Exercise requirements: Below are entries with pictures in them. Output exactly the lines starting at the line with "HOTEL CADIZ PASEO" and ending at the line with "مدير عام شبام", both included, but not the pictures.

Data excerpts:
○ ○ ○ ○ ○ ○ ○

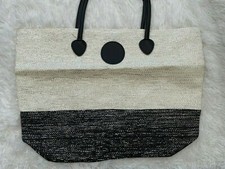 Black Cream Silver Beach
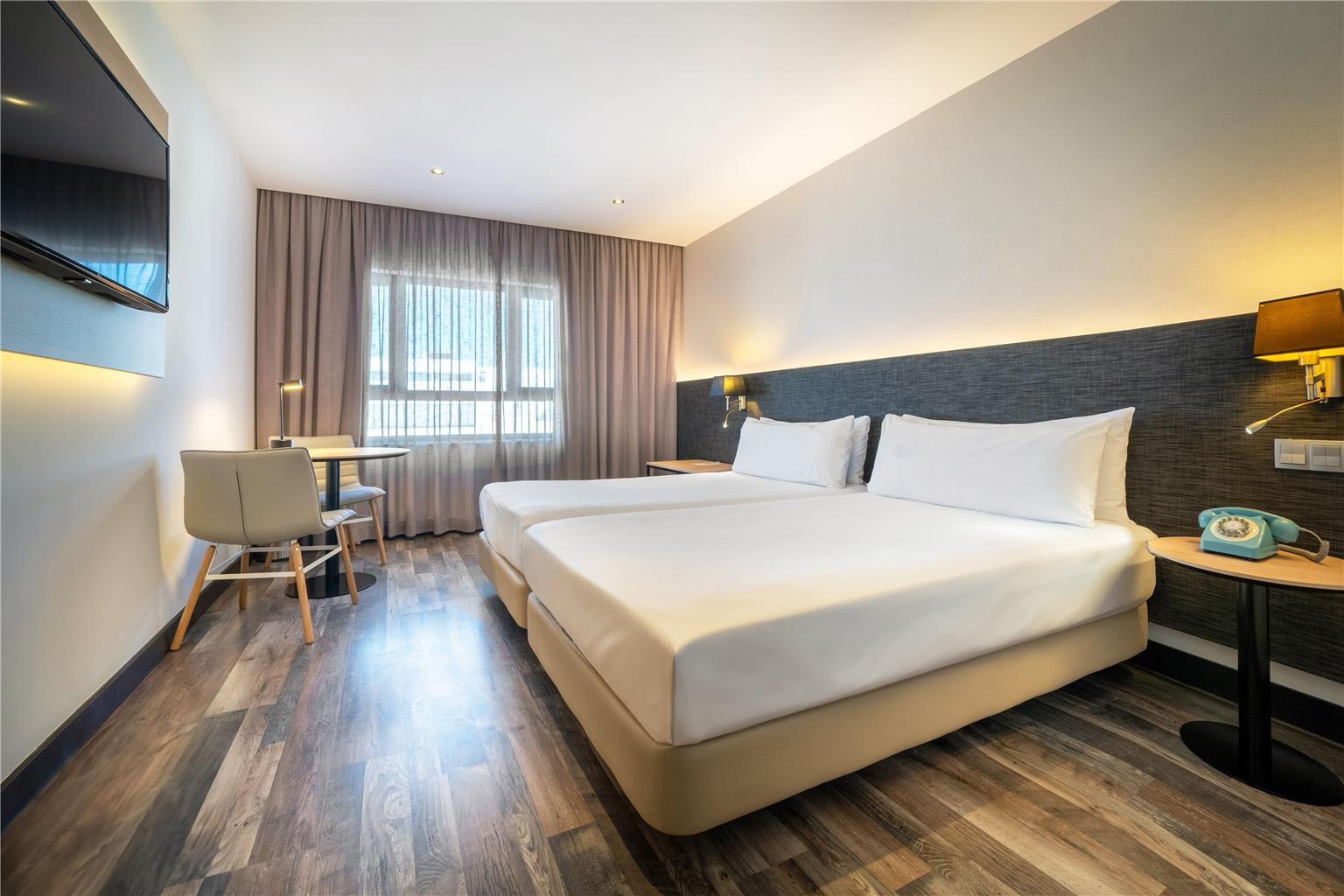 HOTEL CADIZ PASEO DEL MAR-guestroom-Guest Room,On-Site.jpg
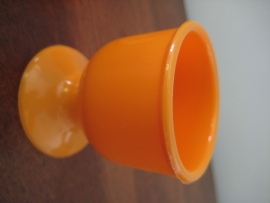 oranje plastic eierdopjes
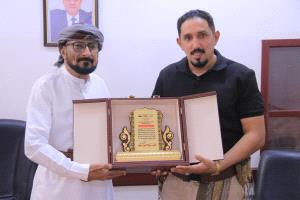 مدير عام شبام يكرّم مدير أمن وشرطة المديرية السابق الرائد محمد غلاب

○ ○ ○ ○ ○ ○ ○

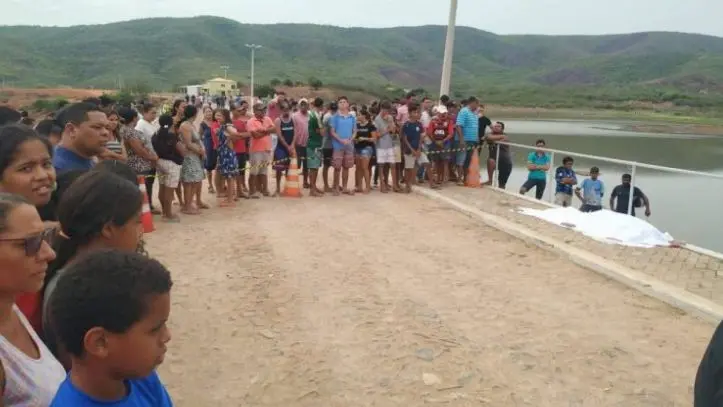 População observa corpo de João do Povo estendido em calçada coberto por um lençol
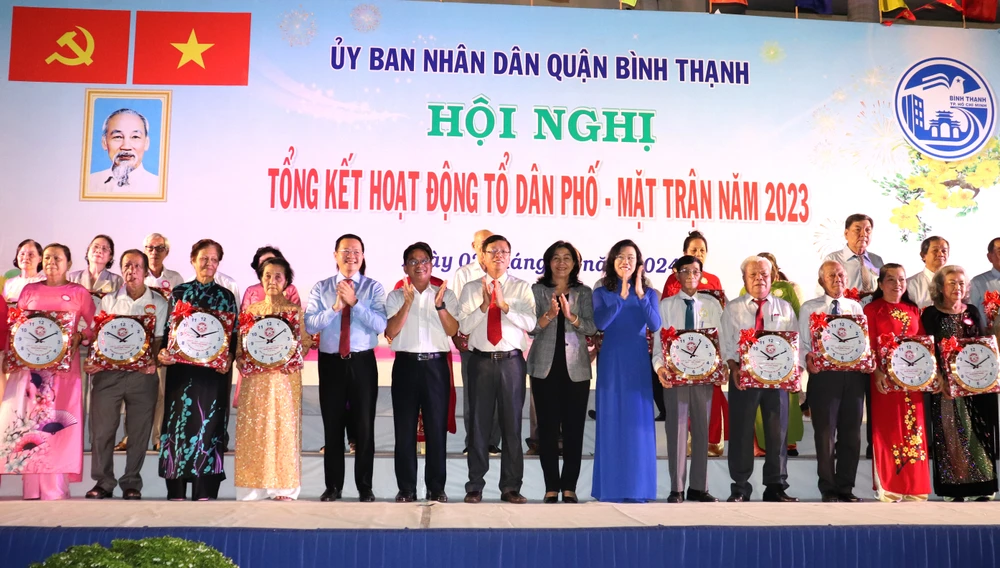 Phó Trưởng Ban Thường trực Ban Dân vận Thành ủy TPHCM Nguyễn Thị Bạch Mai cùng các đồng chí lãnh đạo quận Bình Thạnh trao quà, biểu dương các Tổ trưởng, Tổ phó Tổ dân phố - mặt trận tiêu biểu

○ ○ ○ ○ ○ ○ ○

Result of the exercise:
 HOTEL CADIZ PASEO DEL MAR-guestroom-Guest Room,On-Site.jpg
 oranje plastic eierdopjes
 مدير عام شبام يكرّم مدير أمن وشرطة المديرية السابق الرائد محمد غلاب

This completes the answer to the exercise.